The Beaufort-Mackenzie region (Fig. 1) is an important frontier petroleum province that contains recoverable reserves estimated at 1.5 - 2 billion barrels of oil and 12 trillion cubic feet of natural gas in 53 significant discoveries (Dixon et al. 1994). The tectonic evolution of this region has played a vital role in establishing this oil and gas potential. Two principal stages of the regional tectonic history are particularly relevant. From at least the Late Jurassic to the Early Cretaceous (mid-Mesozoic), a period of rift faulting culminated in the formation of the Arctic continental margin (Embry and Dixon, 1990; Lane, 1997). Later, regional folding and faulting of latest Cretaceous and Tertiary age created additional traps for hydrocarbon accumulation (Lane and Dietrich, 1995; Lane, 1998).
Petroleum Potential
The Mackenzie Delta - Beaufort Sea region is widely considered to be one of the next major sources of conventional gas, required to satisfy projected increases in North American demand over the next decades. Important gas and oil accumulations are trapped in Mesozoic extensional structures, in particular the Eskimo Lakes Fault Zone, beneath Tuktoyaktuk Peninsula. For example, the Parsons Lake gas field (43, 44, 45; see Figure 2) contains 1.4 TCF of recoverable gas in two main pools, with subsidiary gas condensate and minor oil in a total of 13 separate prospects (Dixon et al. 1994).
The Atkinson Point oil discovery (12; Fig. 2) is also contained within the Mesozoic rifted zone beneath Tuktoyaktuk Peninsula.
Oil and gas accumulations also occur in the hinge areas of Tertiary anticlines. This important structural setting beneath the Delta includes the Garry-Niglintgak (28, 30; Fig. 2) and Kadluk-Netserk-Adgo structures (19, 20, 25; Fig. 2). Examples of similar structures in the far offshore include Nektoralik (2), Kopanoar (3) and Adlartok (24). Many other significant deposits occur adjacent to zones of secondary Tertiary normal faulting in a broad structural transition zone near the basin margin. This setting includes major deposits such as Amauligak (89), Taglu (29) and Tarsiut (22).

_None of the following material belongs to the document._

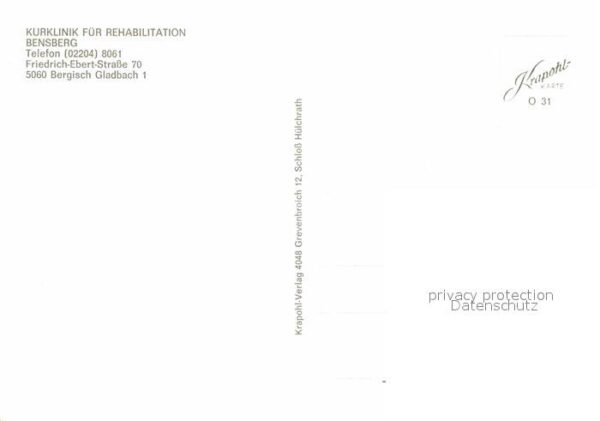 Bergisch Gladbach Kurklinik für Rehabilitation Bensberg – Bild 2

The Tertiary structural evolution is synthesized in Lane and Dietrich (1995).
Ikhil (42, Fig. 2) is the only currently producing field, supplying gas to Inuvik for local consumption. It lies near a subsidiary fault parallel to the Eskimo Lakes Fault, but penetrates a Tertiary reservoir.
Crustal Architecture
The regional crustal architecture of the Beaufort Sea continental margin is well understood, based on a variety of independent data sets. Regional surveys carried out by the Geological Survey of Canada include deep crustal reflection surveys (Cook et al., 1987; Dietrich et al., 1989, Lane and Dietrich, 1991; see Figs. 3 and 4), potential field studies, crustal seismic refraction surveys, and seismicity data (Stephenson et al., 1994; O’Leary et al., 1995). These studies were augmented by regional geological mapping, and public domain industry data comprising more than 200,000 line kilometres of seismic data and 247 exploration wells up to 5000 m deep (Lane and Dietrich, 1995). The transition from rifted continental crust to oceanic crust is outlined particularly well by the gravity anomalies and earthquake epicentres (Fig. 4). The generally northeast-southwest trend of extensional structures near the basin margin is largely inherited from Proterozoic and Paleozoic structural trends (Cook et al., 1987; Stephenson et al., 1994). The locations of tectonic fracture zones (Fig. 4) are defined by the truncation of gravity anomalies, the seismicity distribution, and the aeromagnetic signature (Stephenson et al., 1994; Lane, 1994, 1997).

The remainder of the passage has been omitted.